Samodzielne kupowanie akcji co najmniej kilkudziesięciu spółek wchodzących w skład określonego indeksu wymagałoby zaangażowania sporego kapitału i byłoby dość trudne. Zamiast tego można zainwestować w jednostki uczestnictwa, których wartość rośnie i spada wraz z tym indeksem. Co więcej, jeśli od początku stycznia do końca grudnia osiągniemy dochód z zyskownej sprzedaży akcji, trzeba będzie od niego zapłacić 19 proc. podatku. Pomniejszy to kwotę inwestycji i przyszłe ewentualne zyski.

Zagraniczne fundusze ETF mogą wypłacać dywidendy zwolnione z PIT

Od momentu zakupu do sprzedaży jednostek nie zapłacimy podatku pomimo wewnętrznych zmian w strukturze posiadanych za pośrednictwem funduszu akcji.

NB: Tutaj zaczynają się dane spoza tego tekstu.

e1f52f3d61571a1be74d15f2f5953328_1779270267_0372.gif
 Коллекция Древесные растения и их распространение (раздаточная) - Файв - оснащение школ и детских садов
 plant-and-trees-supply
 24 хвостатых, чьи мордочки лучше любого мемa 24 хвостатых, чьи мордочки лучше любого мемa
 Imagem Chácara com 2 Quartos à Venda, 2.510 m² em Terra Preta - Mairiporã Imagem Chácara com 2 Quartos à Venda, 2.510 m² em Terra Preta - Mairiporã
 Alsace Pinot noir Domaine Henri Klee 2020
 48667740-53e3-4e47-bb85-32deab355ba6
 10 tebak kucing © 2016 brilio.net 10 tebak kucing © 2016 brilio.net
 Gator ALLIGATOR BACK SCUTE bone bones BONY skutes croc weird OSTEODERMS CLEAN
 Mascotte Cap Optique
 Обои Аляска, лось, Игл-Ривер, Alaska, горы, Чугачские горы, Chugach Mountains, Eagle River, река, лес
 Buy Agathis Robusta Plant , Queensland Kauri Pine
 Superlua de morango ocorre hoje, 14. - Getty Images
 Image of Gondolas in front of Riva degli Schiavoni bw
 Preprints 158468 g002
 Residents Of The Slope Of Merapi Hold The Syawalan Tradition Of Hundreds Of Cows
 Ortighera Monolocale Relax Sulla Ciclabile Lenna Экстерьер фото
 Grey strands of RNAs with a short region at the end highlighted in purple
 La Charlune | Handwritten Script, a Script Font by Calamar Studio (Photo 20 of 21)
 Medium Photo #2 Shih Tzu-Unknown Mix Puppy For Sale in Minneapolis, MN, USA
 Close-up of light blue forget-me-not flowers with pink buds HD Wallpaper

– Największą zaletą tych funduszy jest niski poziom opłat za zarządzanie – ocenia Mirosław Kachniewski, wiceprezes zarządu Stowarzyszenia Emitentów Giełdowych. – Ze względu na prostą strategię polegającą na wiernym odwzorowaniu składu indeksu koszty są znacznie niższe niż w wypadku tradycyjnych funduszy, które muszą opłacać analityków i zarządzających decydujących, w co aktualnie warto się zaangażować – tłumaczy.

Nie unikniemy jednak założenia rachunku maklerskiego. Żeby kupić notowane na giełdzie ETF, trzeba skorzystać z usług biura maklerskiego. To kolejna różnica w porównaniu z tradycyjnymi funduszami inwestycyjnymi otwartymi, których jednostki kupuje się z pominięciem takiego rachunku. Podatek od zysków z tradycyjnych funduszy otwartych odprowadza za swojego klienta instytucja zarządzająca funduszem. Jednostki ETF są notowane na giełdzie, zyski z ich sprzedaży rozliczymy więc tak samo jak zyski z giełdy, samodzielnie wypełniając zeznanie PIT-38. Pomoże nam w tym otrzymana od biura maklerskiego informacja PIT-8C.

Dywidenda bez PIT

– Fundusze oparte na indeksach WIG20 i S & P 500 będą wypłacały dywidendy, w funduszu naśladującym DAX są one reinwestowane do funduszu – mówi Aleksandra Kosmulska.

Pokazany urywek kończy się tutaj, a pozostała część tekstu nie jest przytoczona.